In this week’s digest, we’ll cover:
- Grafana security release.
- Integer overflow in VLC.and
- Snapd race condition vulnerability.
Grafana Security Release
Privilege Escalation: Unauthorized Access to Arbitrary Endpoints
CVE-2022-39328 is a race condition in the Grafana codebase that allows unauthenticated users to query arbitrary endpoints in Grafana. A race condition in the creation of the HTTP context can cause the HTTP request to be assigned to the authentication/authorization middleware in another call. Under heavy load, calls protected by privileged middleware may receive public query middleware instead. As a result, an unauthenticated user with malicious intent can successfully query the protected endpoint.
All installations of the Grafana version >=9.2.x Affected. Grafana recommends upgrading your instance to fully address CVE-2022-39328.
Privilege escalation: username/email not trusted
Grafana admins can invite other members to the organization for which they are admins. When admins add members to the organization, non-existent users receive an invitation email while existing members are added directly to the organization. Once the invite link is sent, anyone with access to the link can sign up with the user’s chosen username/email address and become a member of the organization.CVSS score of CVE-2022-39306 teeth 6.4 Moderate.
All installations of Grafana versions <=9.x, <8.x are affected. Grafana recommends upgrading your instance to fully address CVE-2022-39306.
Username enumeration
If you forget your password on the login page, the POST request /api/user/password/sent-reset-email URLs. If the username or email does not exist, the JSON response will contain a “user not found” message. This can be used by unauthenticated users to disclose information about the affected endpoint.
CVSS score of CVE-2022-39307 teeth 5.3 ModerateAll installations of Grafana versions <=9.x, <8.x are affected. Grafana recommends upgrading your instance to fully address this vulnerability.
Integer overflow in VLC
VLC Media Player (formerly VideoLAN Client, commonly known simply as VLC) is a free, open source, portable, cross-platform media player software and streaming media server developed by the VideoLAN project. CVE-2022-41325 exists in VNC moduleVLC can use that URI to display the VNC video stream. vlc vnc://ip_address_of_server:port/
If an attacker has control over the VNC server, they can trick VLC into allocating a shorter memory buffer than expected. Attackers use powerful relative “write-what-where” primitives. It can crash VLC or, under certain conditions, execute arbitrary code.

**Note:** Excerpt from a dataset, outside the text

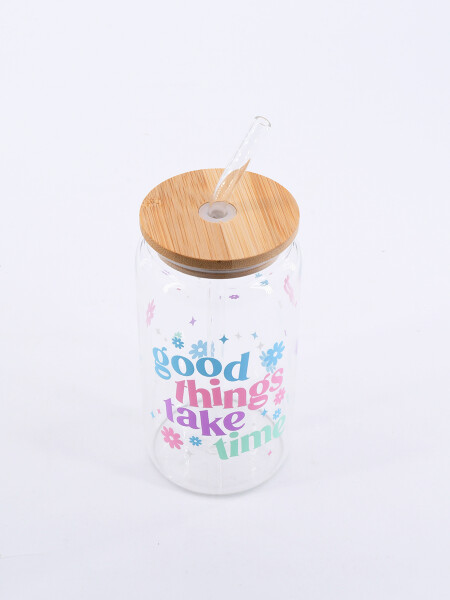 VASO VIDRIO CON SORBITO Y TAPA BAMBOO TRANSPARENTE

VNC support is provided through a 3rd party library (LibVNCClient), but the affected code is in her VLC itself.
Versions 3.0.17.4 and earlier are affected. VLC team fixed vulnerability in commit here.
Snapd race condition vulnerability
of snap limit The program is used internally by snapd to build the execution environment for the snap application, which is a containerized software package. CVE-2022-3328 Describes a race condition vulnerability in . must_mkdir_and_open_with_perms() Ubuntu works with snap-confine which is installed as a SUID-root program by default. This was introduced as part of a fix for . CVE-2021-44731.
An attacker with normal user privileges can exploit the multipath privilege escalation vulnerability (CVE-2022-41974) and multipath symlink vulnerabilities, binding /tmp Change directories to any directory in the file system and elevate regular user privileges to ROOT privileges.
Affected snapd versions are 2.54.3 – 2.57.6A formal security version has now been released to fix this vulnerability. Recommended for affected users. upgrade to the new version.